DocumentSplitterLike ¤

Bases: Protocol

A protocol that defines the methods that a document splitter should implement.

__call__ ¤

__call__(
    documents: list[Document],
    chunk_size: int = 100,
    chunk_overlap: int = 0,
) -> list[Document]

Split a list of documents into smaller chunks.

Parameters:

  • documents (list[Document]) –

    The list of documents to be split.

  • chunk_size (int, default: 100 ) –

    The size of each chunk.

  • chunk_overlap (int, default: 0 ) –

    The overlap between consecutive chunks.

Returns:

  • list[Document]

    The list of documents after splitting into chunks.

HuggingFaceTextSplitter ¤

HuggingFaceTextSplitter(
    tokenizer: PreTrainedTokenizerBase,
    separators: list[str] | None = None,
)

Text-based document splitter which uses a HuggingFace tokenizer to calculate length when splitting.

It uses Langchain’s RecursiveCharacterTextSplitter and expects the list of documents to be in plain text.

It implements the DocumentSplitterLike protocol.

Attributes:

  • tokenizer

    The HuggingFace tokenizer to use for calculating length.

  • separators

    The list of separators to use for splitting the document.

Parameters:

  • tokenizer (PreTrainedTokenizerBase) –

    The HuggingFace tokenizer to use for calculating length.

  • separators (list[str] | None, default: None ) –

    The list of separators to use.
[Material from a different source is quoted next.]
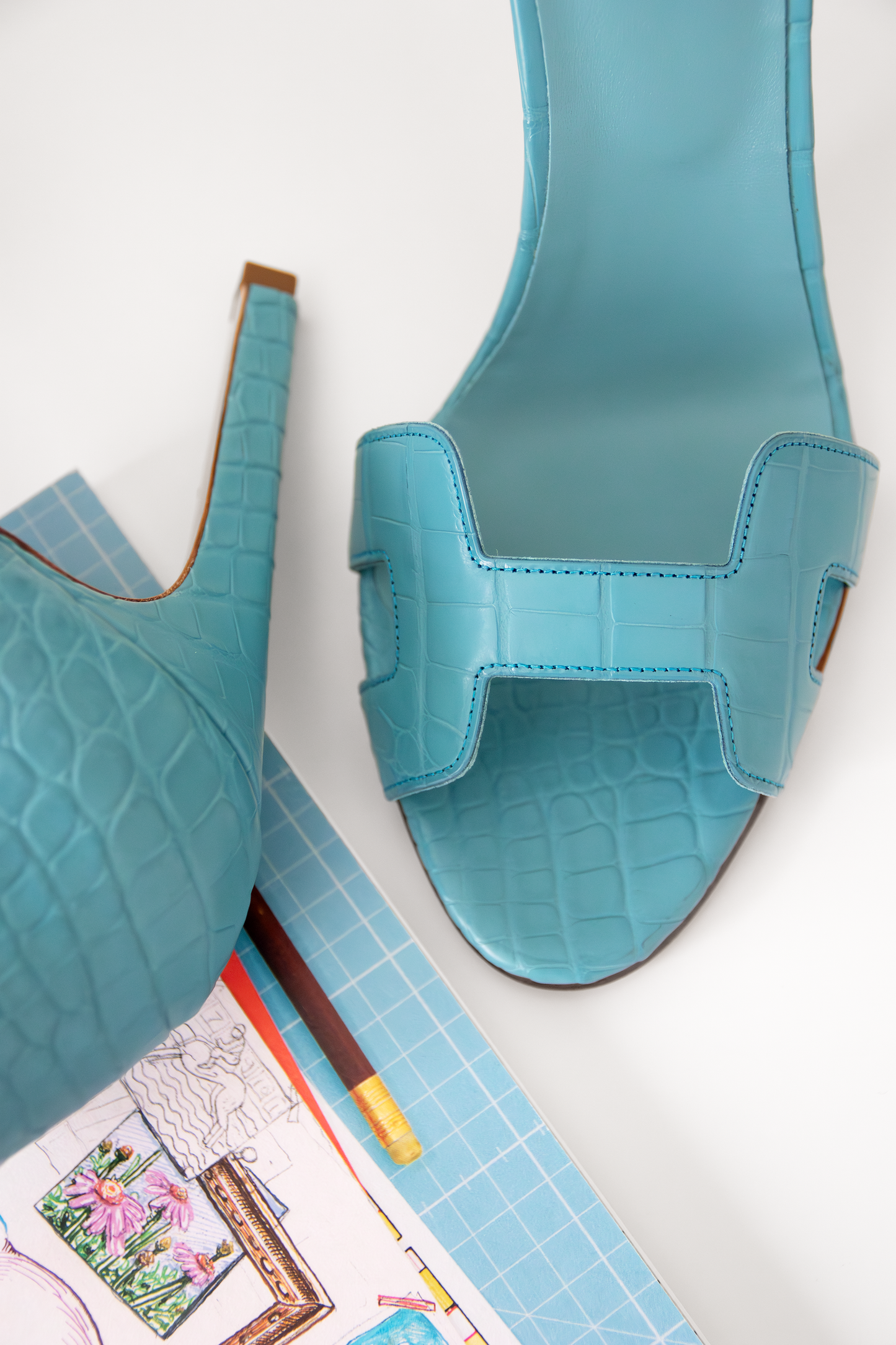 Hermès Premiere Sandals in Blue Sai Matte Alligator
When None, the default separators are used: ["\n\n", "\n", ".", "!", "?"].

HuggingFaceMarkdownSplitter ¤

HuggingFaceMarkdownSplitter(
    tokenizer: PreTrainedTokenizerBase,
)

Markdown-based document splitter which uses a HuggingFace tokenizer to calculate length of chunks when splitting.
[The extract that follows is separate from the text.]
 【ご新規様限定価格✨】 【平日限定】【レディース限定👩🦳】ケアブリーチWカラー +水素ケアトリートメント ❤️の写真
It uses Langchain’s MarkdownTextSplitter and expects the list of documents to be in Markdown.

It implements the DocumentSplitterLike protocol.

Attributes:

  • tokenizer

    The HuggingFace tokenizer to use for calculating length.

Parameters:

RaptorSplitter ¤

RaptorSplitter(
    tokenizer: TokenizerLike,
    *,
    separators: list[str] | None = None
)

Document splitter which implements the chunking technique as defined in the RAPTOR paper.

It expects a tokenizer which implements the TokenizerLike protocol to calculate the length of chunks.
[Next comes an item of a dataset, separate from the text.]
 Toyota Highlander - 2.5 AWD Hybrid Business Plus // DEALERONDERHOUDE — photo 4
For more details, see: https://github.com/parthsarthi03/raptor/blob/7da1d48a7e1d7dec61a63c9d9aae84e2dfaa5767/raptor/utils.py#L22.

It implements the DocumentSplitterLike protocol.

Attributes:

  • tokenizer

    Tokenizer to use for calculating chunk lengths.

  • separators

    The list of separators to use for splitting the document.

Parameters:

  • tokenizer (TokenizerLike) –

    Tokenizer to use for calculating chunk lengths.

  • separators (list[str] | None, default: None ) –

    The list of separators to use. When None, the default separators are used: [".", "!", "?", "\n"].

split_single_document ¤

split_single_document(
    document: Document, chunk_size: int, chunk_overlap: int
) -> list[Document]

Split a single document into chunks.

Parameters:

  • document (Document) –

    Document to split into chunks.

  • chunk_size (int) –

    Maximum size of each chunk.

  • chunk_overlap (int) –

    Overlap between each chunk.